Маурайская федерация (сборник) - Страница 53
– А разве нельзя ограничиться несколькими словами?
– Тогда послушайте. – Взяв книгу, Фейлис открыла предисловие. И при первых же словах голос ее сделался громким; она словно засветилась изнутри.
"Жизнь на Земле едина. Это не метафора. Это констатация факта, простого и великого одновременно.
Знание это не ново. Некоторые вероисповедания – по большей части хинжийские
– с незапамятных времен утверждали, что бытие основывается на фундаментальном единстве. Древние анналы, недавно введенные археологами в обиход, показывают, что в конце Эры Изобилия кое-кто из философов излагал эту мысль в светских терминах. Судная Война предала их работы забвению. Каракан Ефремовик никогда не слыхал о них. Но этот юанезский мыслитель и эколог, вдохновленный буддизмом и христианством – двумя верами своего народа – исходя из научных принципов, пришел к тому же заключению и тем самым приблизился к пониманию природы Геи.
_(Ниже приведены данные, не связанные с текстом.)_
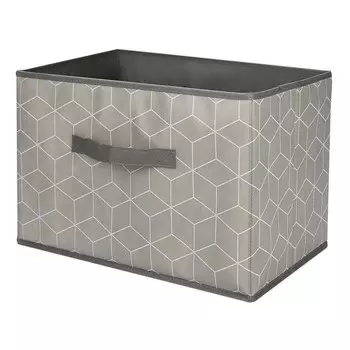 Кофр для хранения Домовой Ромбы, 38х27х27 см, без крышки, нетканый материал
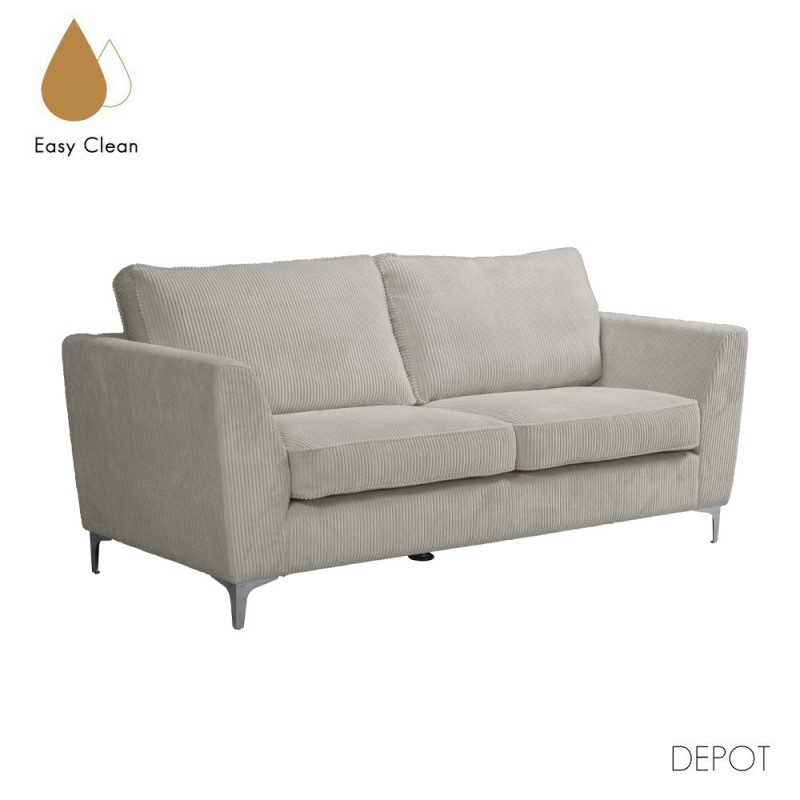 BOEL ΚΑΝΑΠΕΣ 3ΘΕΣΙΟΣ ΓΚΡΙ 200x86xH92cm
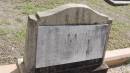 Herbert Frank ATCHISON
d: 27 Jul 1944 aged 62
Alice Ann ATCHISON
d: 16 Sep 1955 aged 66
Peak Downs Memorial Cemetery Capella Cemetery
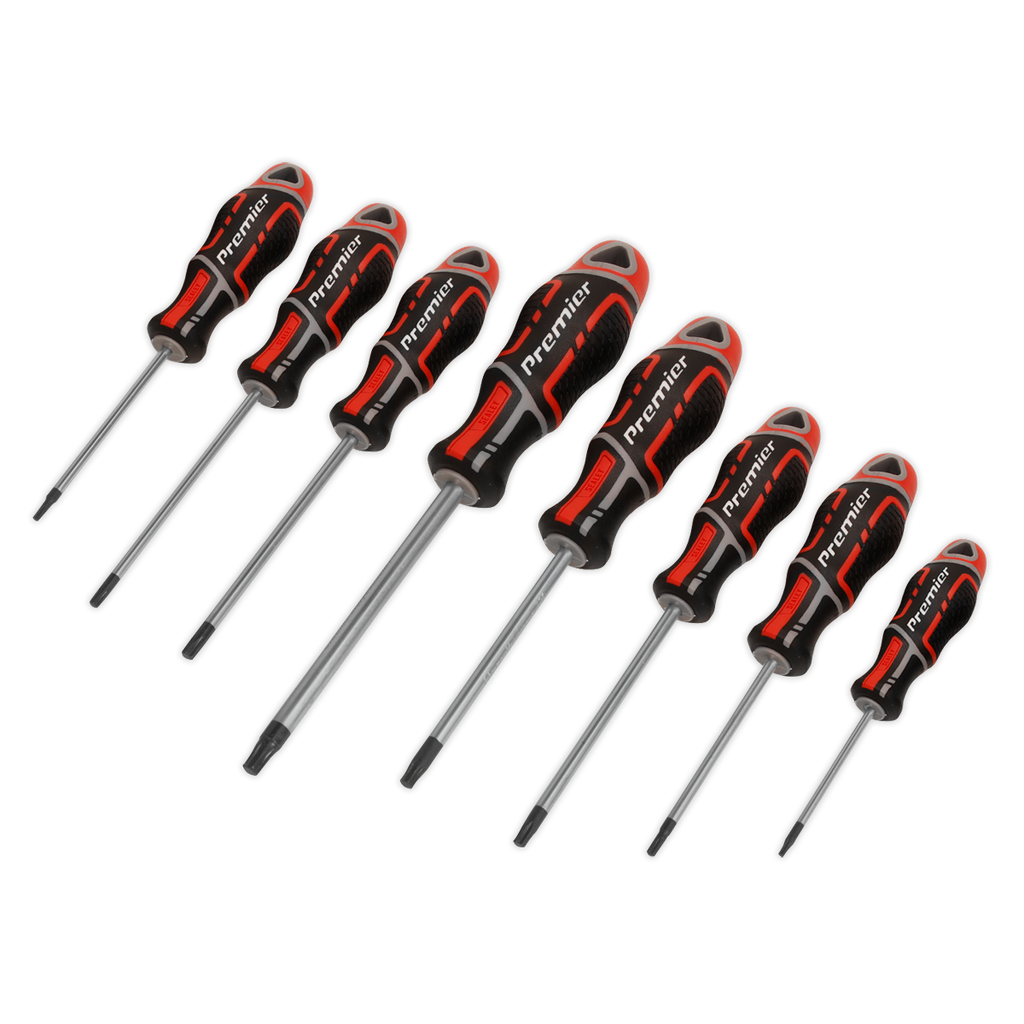 GripMAX® Security TRX-Star* Screwdriver Set 8pc - Red AK4323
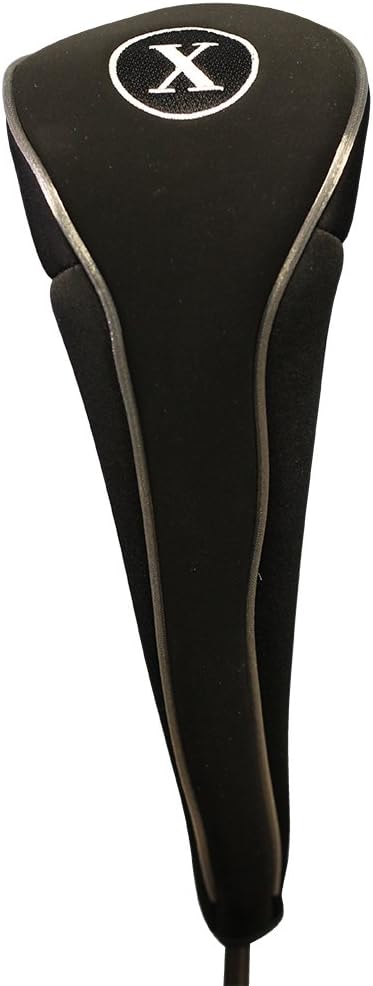 Majek Black Golf Zipper Driver + Fairway Woods Headcovers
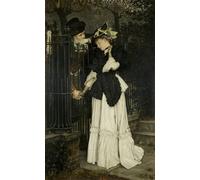 ARTXLXXBN Famous Print Painting Colorful Art Print Les Adieux by Jacques Canvas Art Decorations for Home Decor 60x90cm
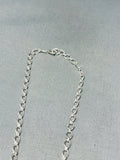 Fascinating Native American Navajo Denim Lapis Sterling Silver Necklace Signed-Nativo Arts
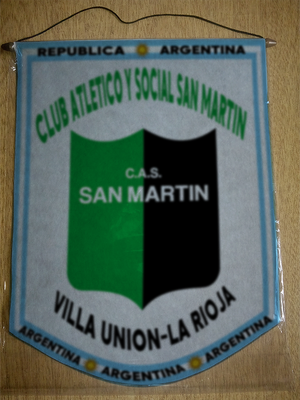 BANDERIN SAN MARTIN VILLA UNION LA RIOJA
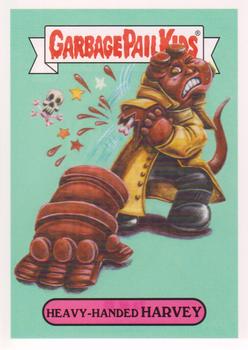 2018 Topps Garbage Pail Kids: Oh, the Horror-ible! #2a Heavy-Handed Harvey Front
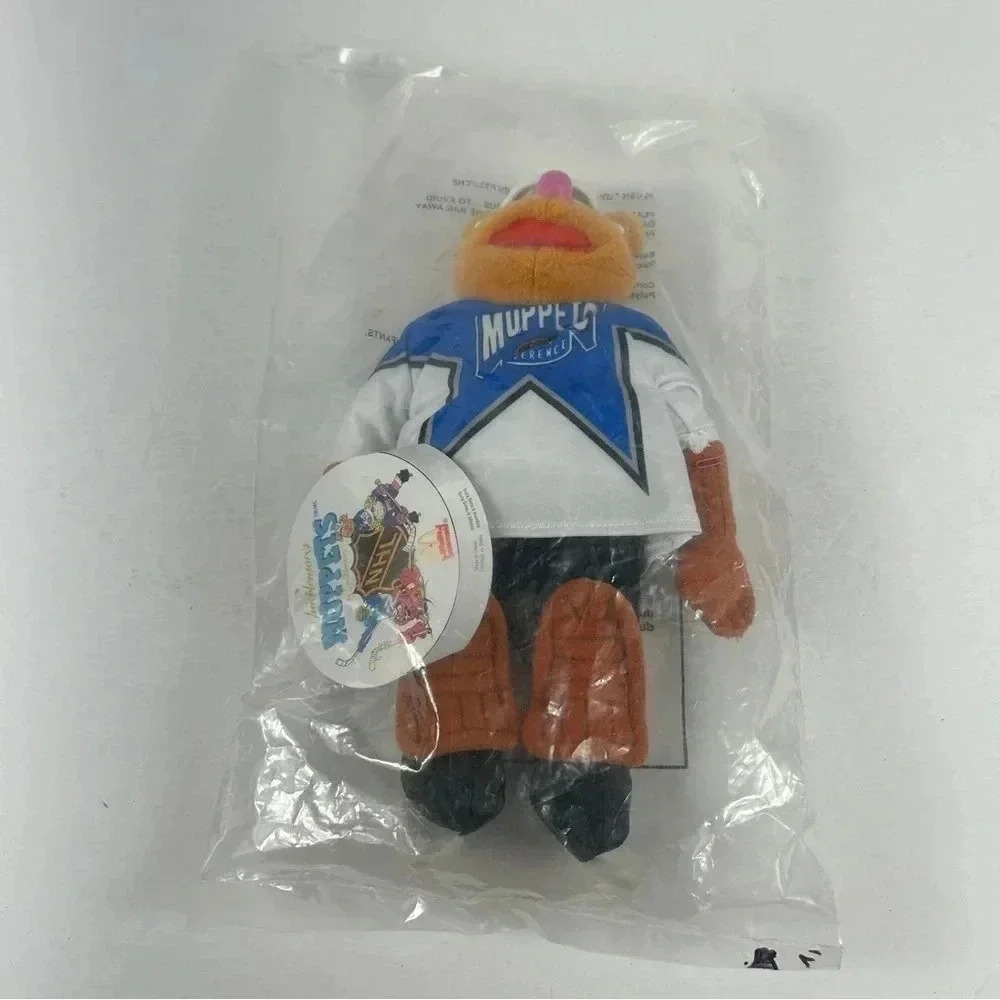 Fozzie Vintage NHL McDonald's Muppets Conference Plushie. New In Bag. 1995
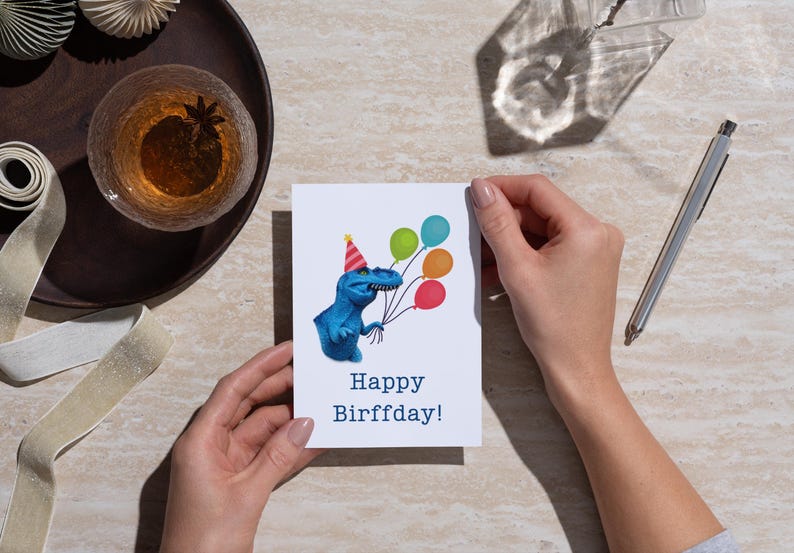 Funny printable birthday card | Dinosaur meme card | Happy Birthday template | Digital download image 4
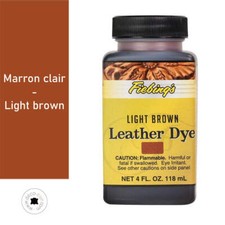 Teinture pour cuir FIEBING'S Leather dye - MARRON CLAIR / LIGHT BROWN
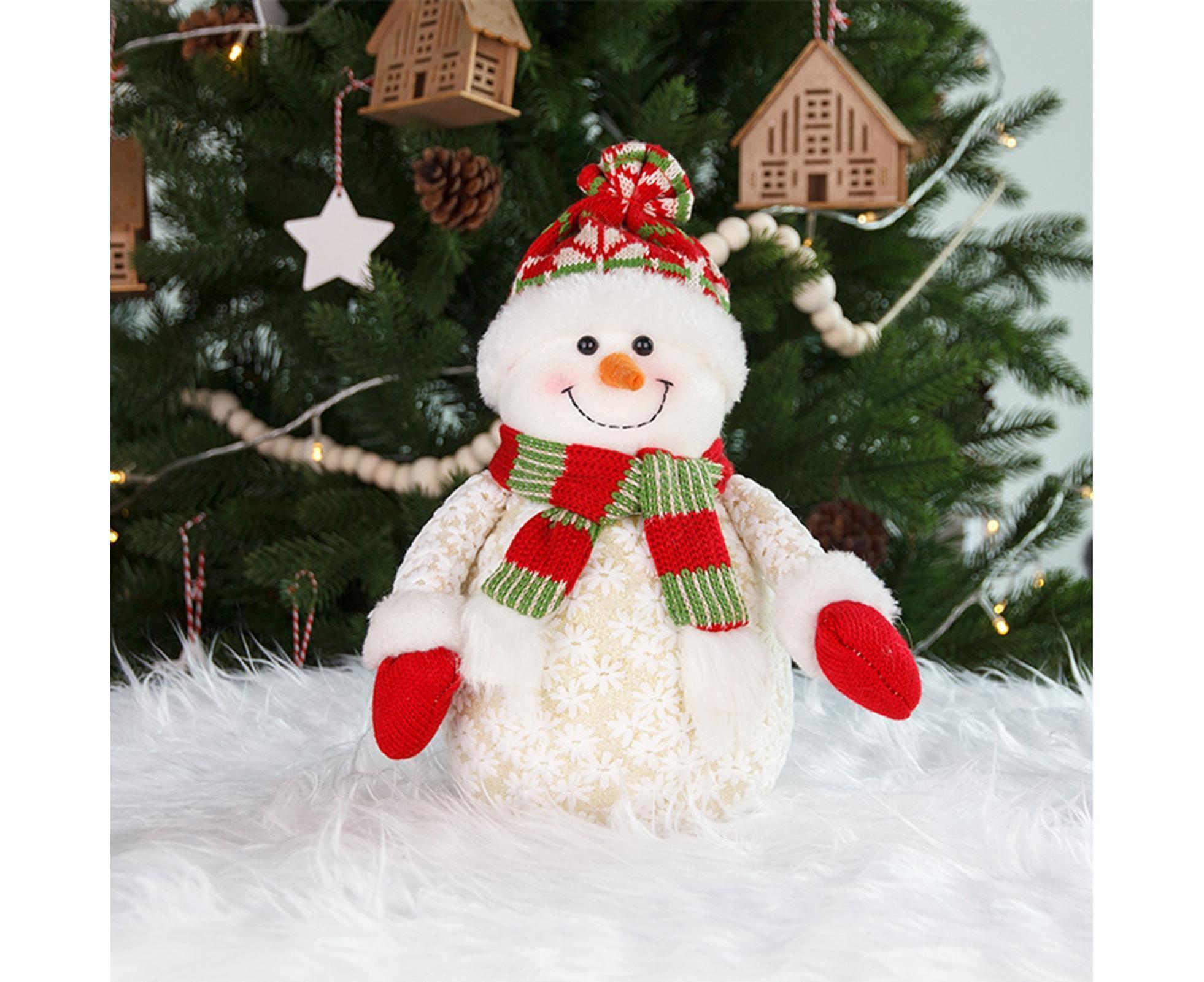 Xmas Snowman Ornament Light Yellow - Image 3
Суть учения такова: Гея – планета, на которой мы живем – представляет собой единый организм. От первых химических соединений в первородных океанах до человеческого сознания сила, находящаяся внутри Жизни, направляла ее эволюцию ко все большему величию и смыслу. Эволюция эта не заканчивается на нас. Она будет продолжаться, пока существует сама Гея.
Мы – органы или, точнее всего, органеллы, которые Она породила в собственных целях. Мы не можем существовать в отрыве от Нее, как не способны к самостоятельному существованию клетки нашего тела, мы живем, потому что являемся частью; мы, люди, служим колоссальному Единству, как и любое животное или растение, от самого крохотного микроба.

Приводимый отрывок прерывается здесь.